Skytel first installed NEA Cloud DVR and CDN software in 2019. Following several years of a successful service that has grown in popularity, it has chosen to renew its investment in Ateme for its service expansion to include Embedded Distributed Storage for efficient storage of content recorded by viewers, and the TITAN encoders.

Tuvshinbayar Turtuvshin, Head of Media IP Network Department at Skytel, said, “We have been very happy working with Ateme and seeing a steadily increasing number of subscribers to our OTT service. The combination of TITAN encoders and NEA video delivery gives viewers high video quality with low latency, while making life easier for us with a low-maintenance, future-proof system that can be continuously updated. Also, as our subscribers record more and more content, the EDS storage has been invaluable in helping us to scale up storage.”

Ateme’s converged headend can power cable, DTH, IPTC, terrestrial and OTT services all at once with a single approach that reaches viewers on all screens in formats up to 8K, with all types of HDR. The full-IP, software-based system can be evolved as requirements and standards change.

Ateme converged compression delivery

The Ateme convergence software is infrastructure neutral, and does not come with a predefined deployment choice. Users can remain on-premises, move to a virtualised datacentre or a cloud provider – and also choose to migrate later on.

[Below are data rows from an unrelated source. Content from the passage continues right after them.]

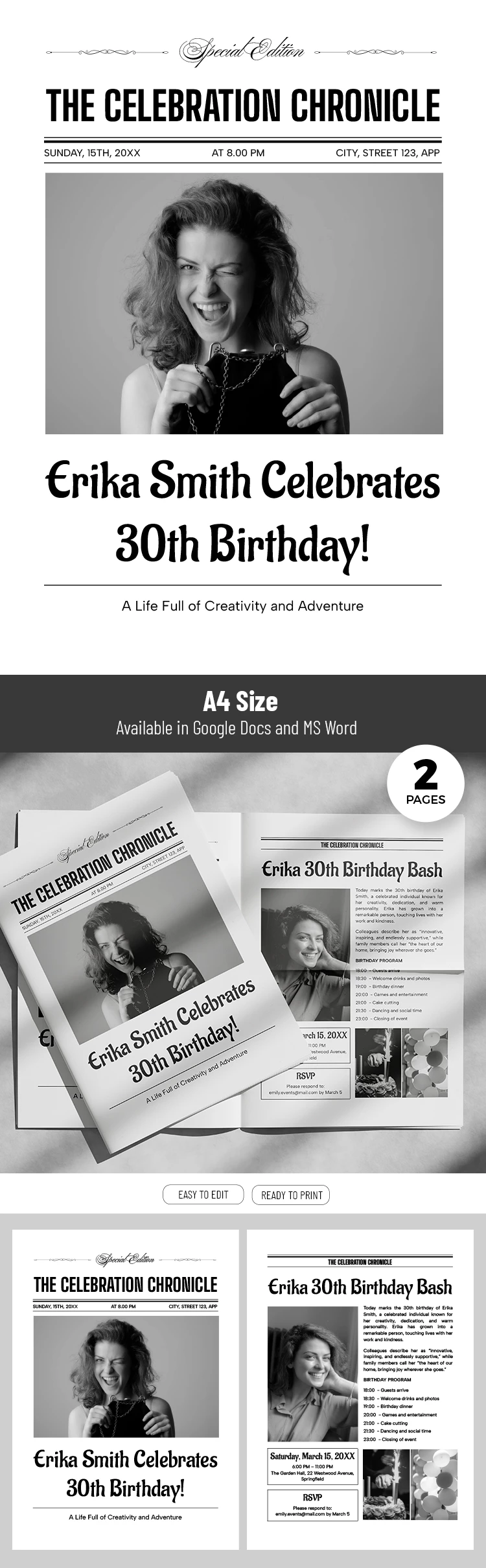 Editable Elegant Birthday Newspaper Template - free Google Docs Template - 10072145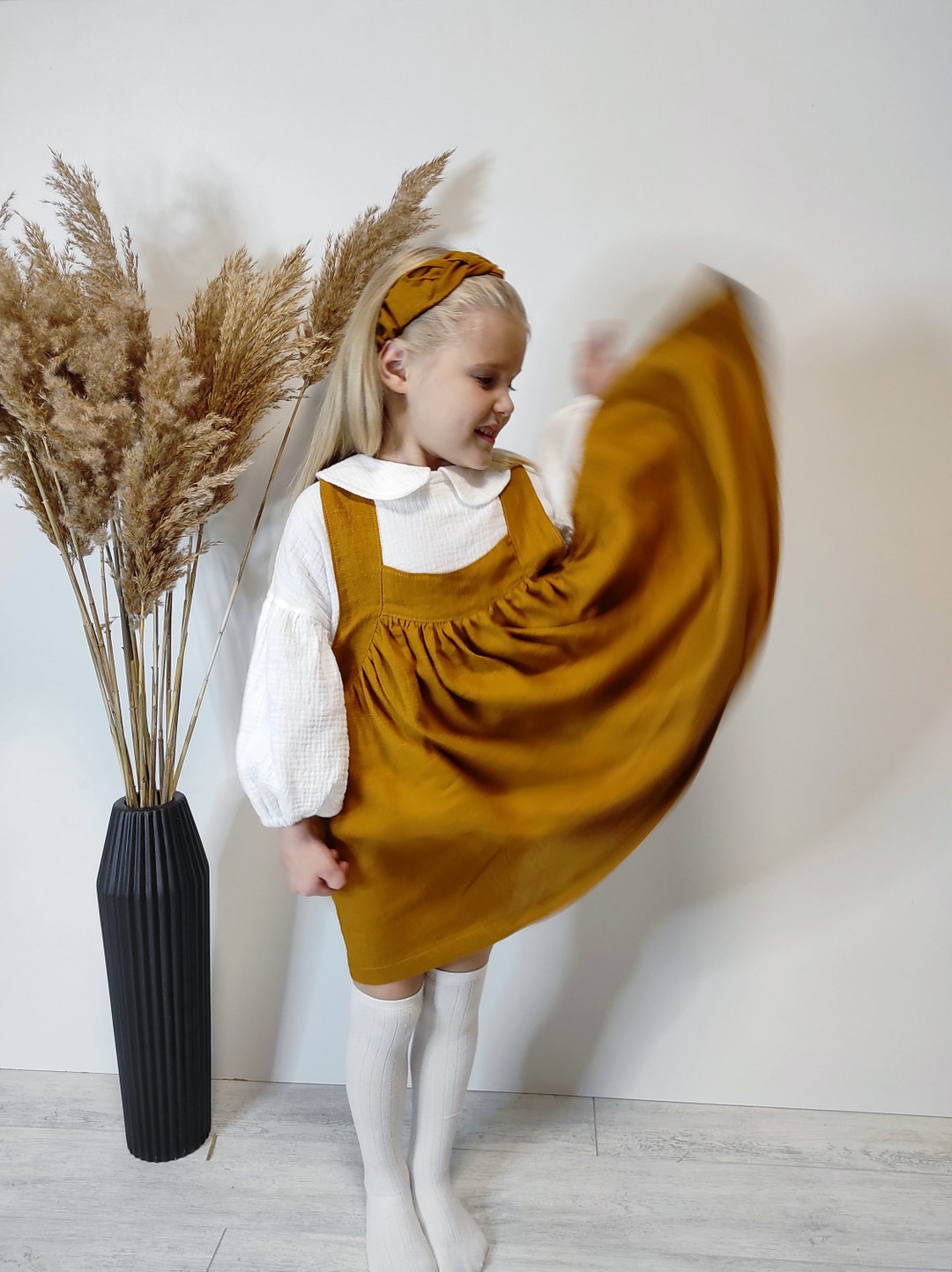 Mustard Linen Pinafore Dress Baby and Toddler Girl Linen Dress Etsy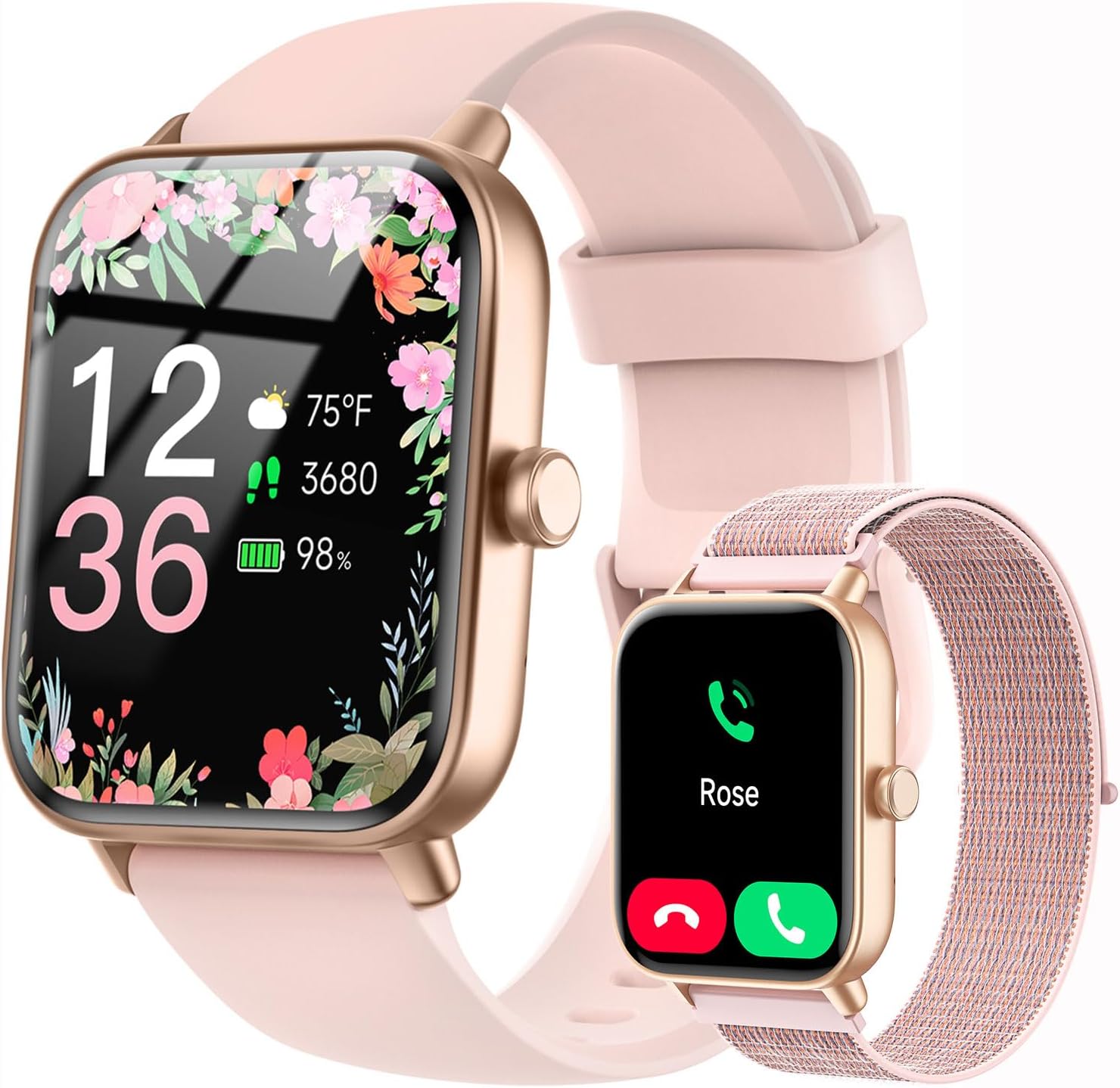 Smart Watches for Women, 1.85 Inch Fitness Tracker with Alexa Built-in, Calls & Notifications, 24/7 Heart Rate & Sleep Tracking, 100+ Sports Modes, IP68 Waterproof, Works with iPhone Android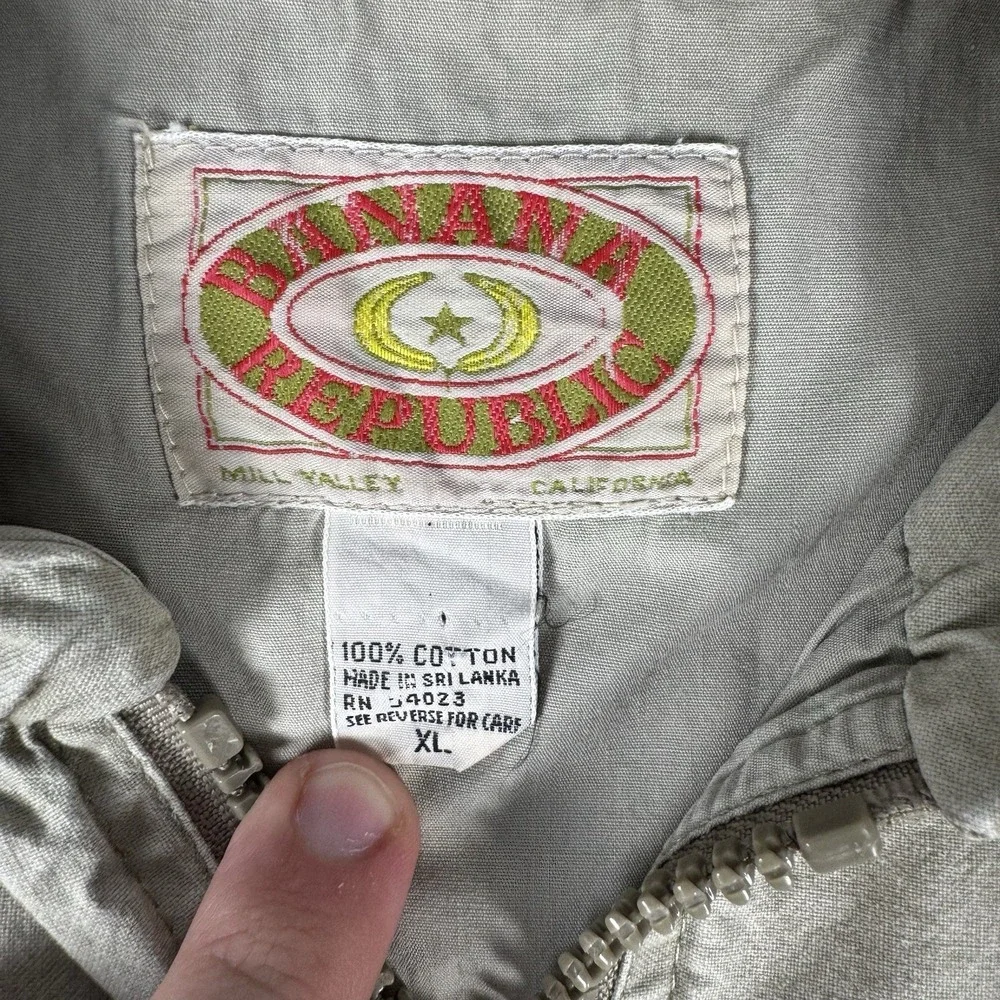 Rare Vintage BANANA REPUBLIC Full Zip Safari Vest Jacket 80s 90s Beige Tan SZ XL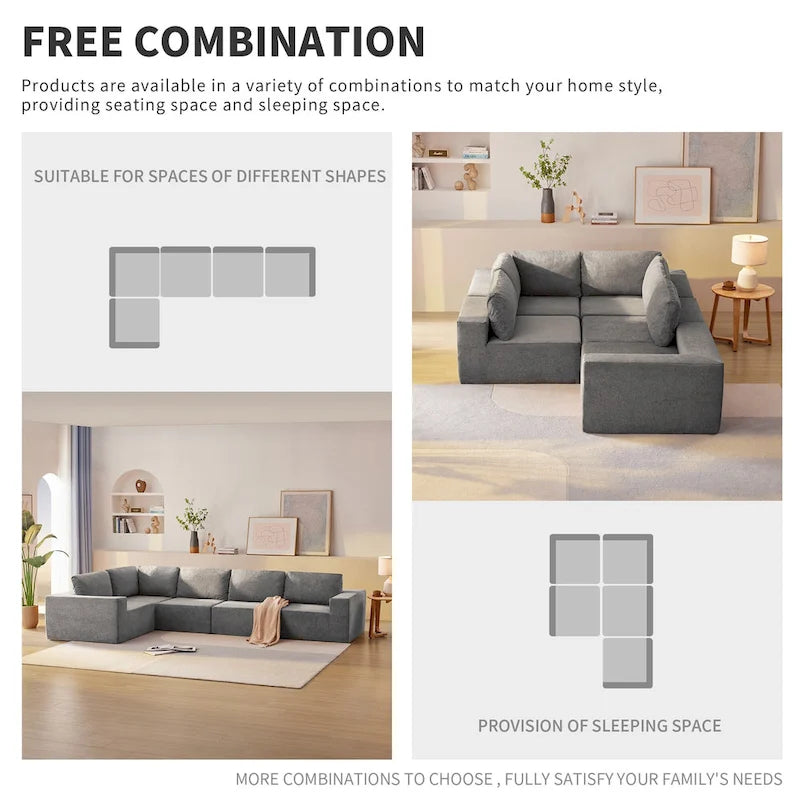 Gray L-Shaped Modular Sectional Sofa, Terrycloth, 5-Seater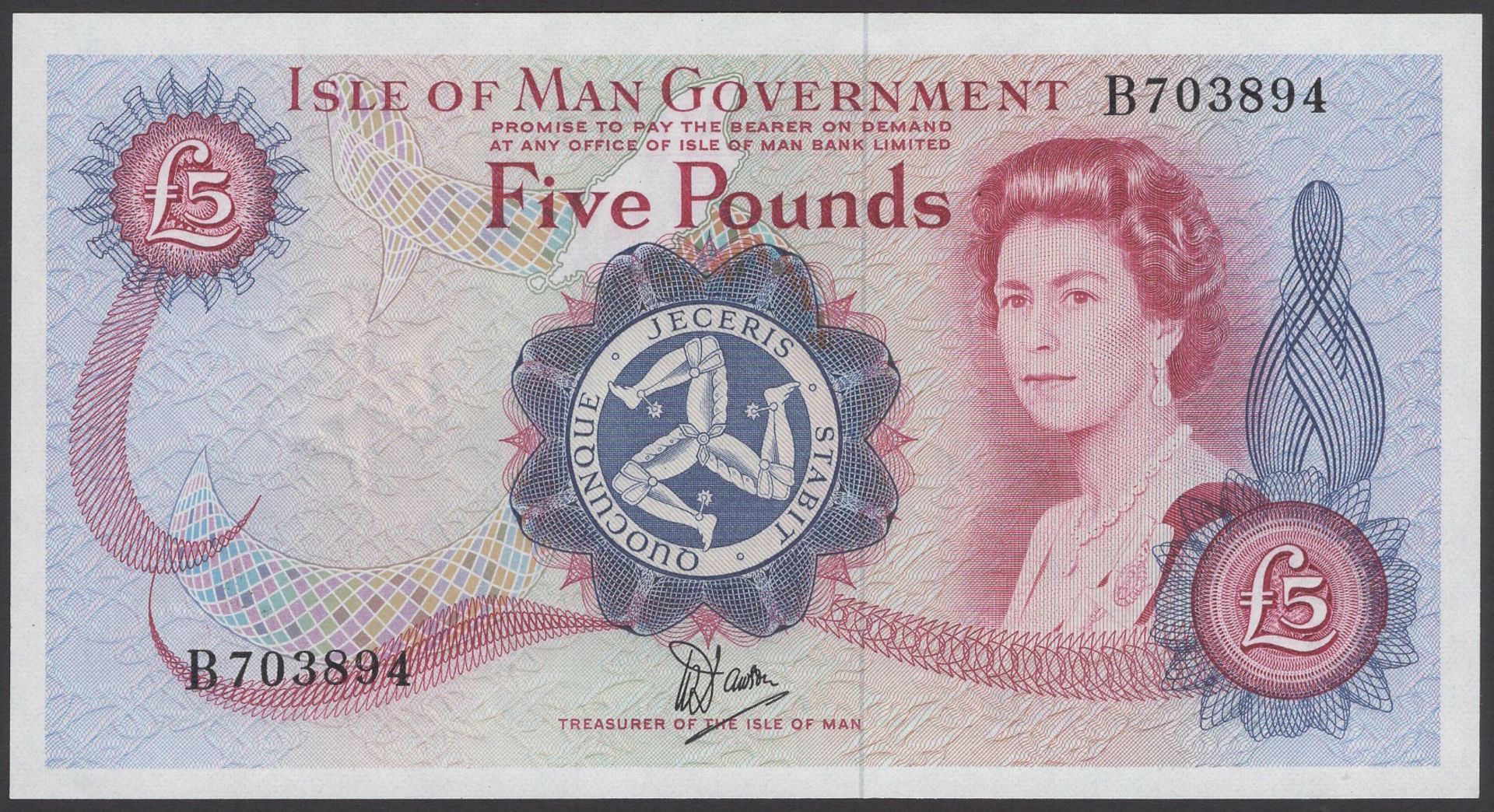 Isle of Man Government, W.Dawson, Â£5, ND (1980), serial number B703894, uncirculated, a cons...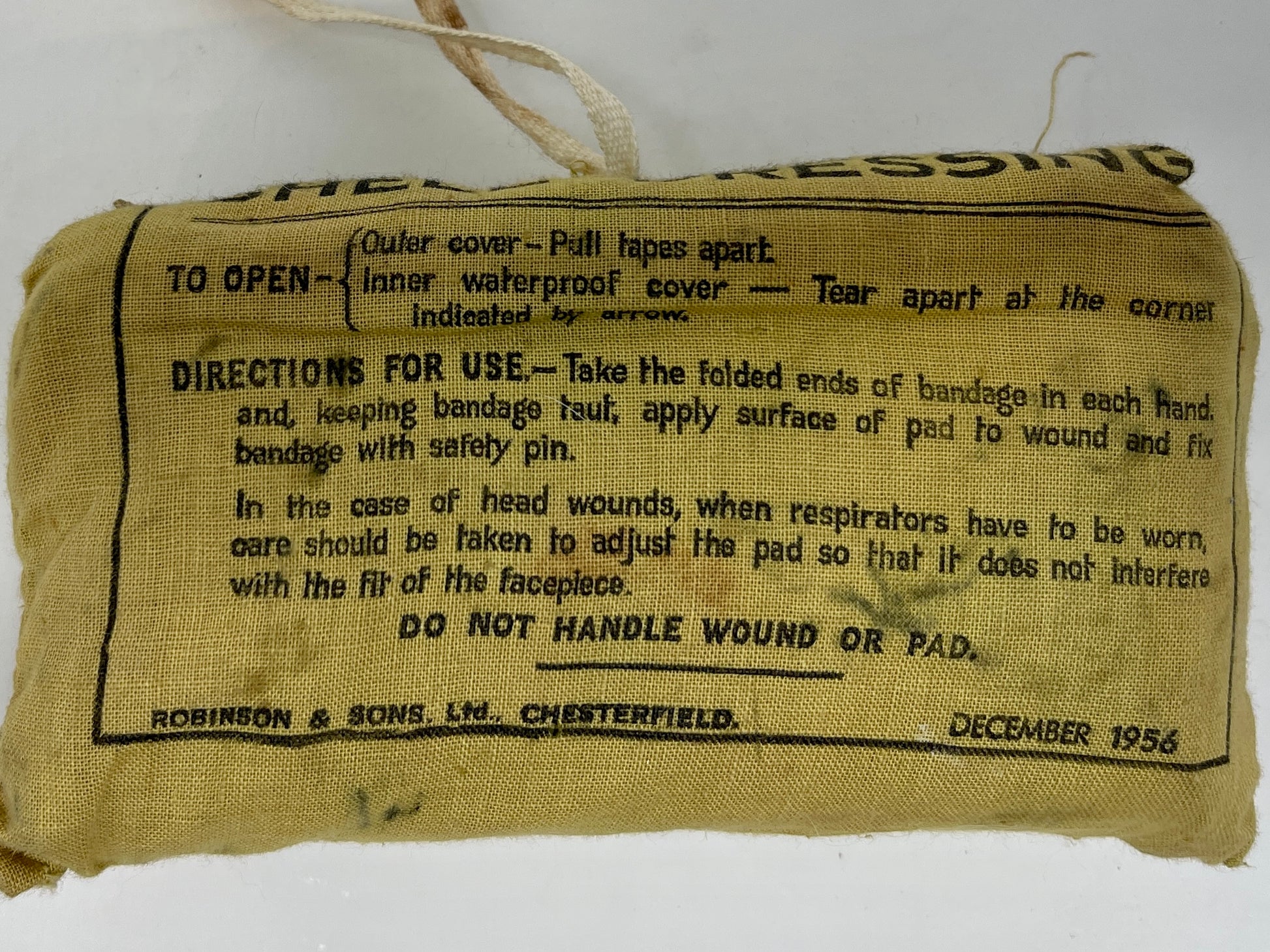 British Army issue Shell Dressing dated 1956.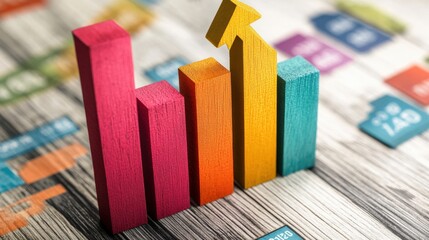Poster - Colorful wooden bar graph representing growth against a blurred financial background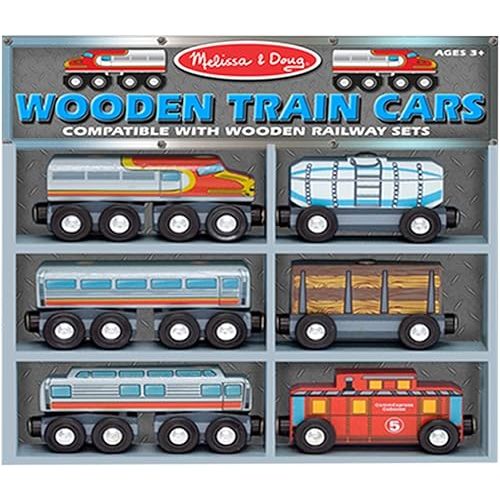 Melissa & Doug Wooden Train Cars Set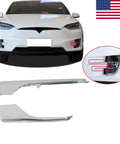 Slick Glossy Chrome Fog Light Bumper Molding Pair For Tesla Model X 2016 Through 2021 Left Front Side Trim Strip shown on vehicle front.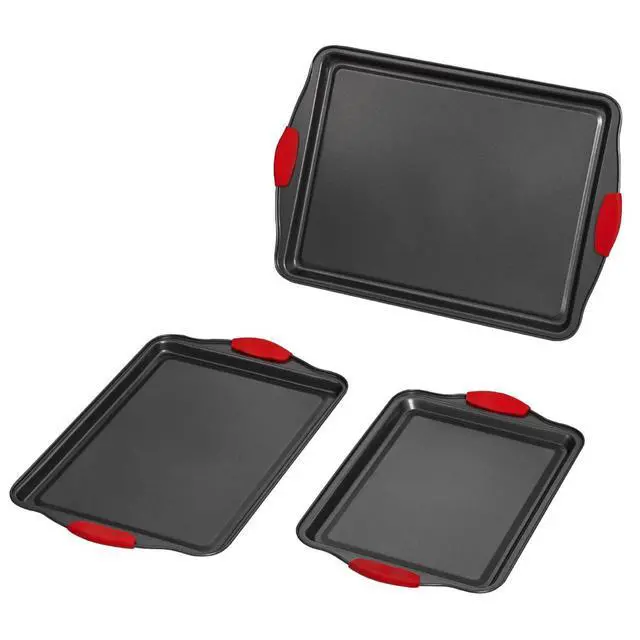Alt view image 15 of 15 - Baking Pans Set, 3-Piece, Nonstick Carbon Steel Cookware Sheets & Trays, Stackable Kitchen Oven Bakeware Cooking Sets with Silicone Handles, Easy to Clean, for Baking Cookie Cake Muffin Bread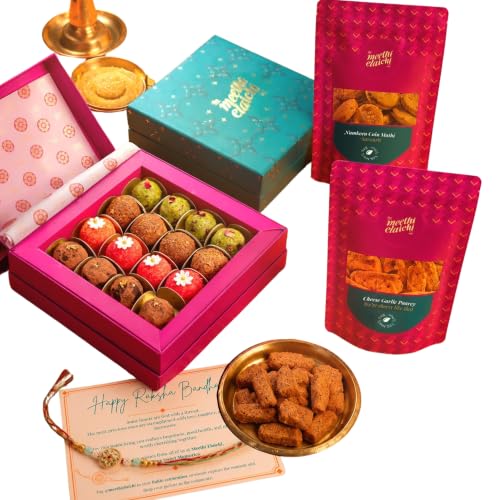 Image of Meethi Elaichi Rakhi Hamper|Fusion Sweets, Savories|Designer Rakhi & Gift Box of 16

The software’s ability to deliver a better user experience is due mainly to the improved bandwidth and compression efficiency of TITAN encoders, their faster-than-real-time capabilities and simultaneous processing of all formats. Having a single workflow for both live and file transcoding also reduces waste and complexity.

Adding the Embedded Distributed Storage (EDS) system and Infinite Buffer recording algorithm to the NEA Cloud DVR software allows users to record all their programs in the Cloud. This risks leading to a massive increase in recorded content that is never deleted, but EDS addresses this issue by distributing assets across the embedded storage available on each streaming server instead of on dedicated storage servers.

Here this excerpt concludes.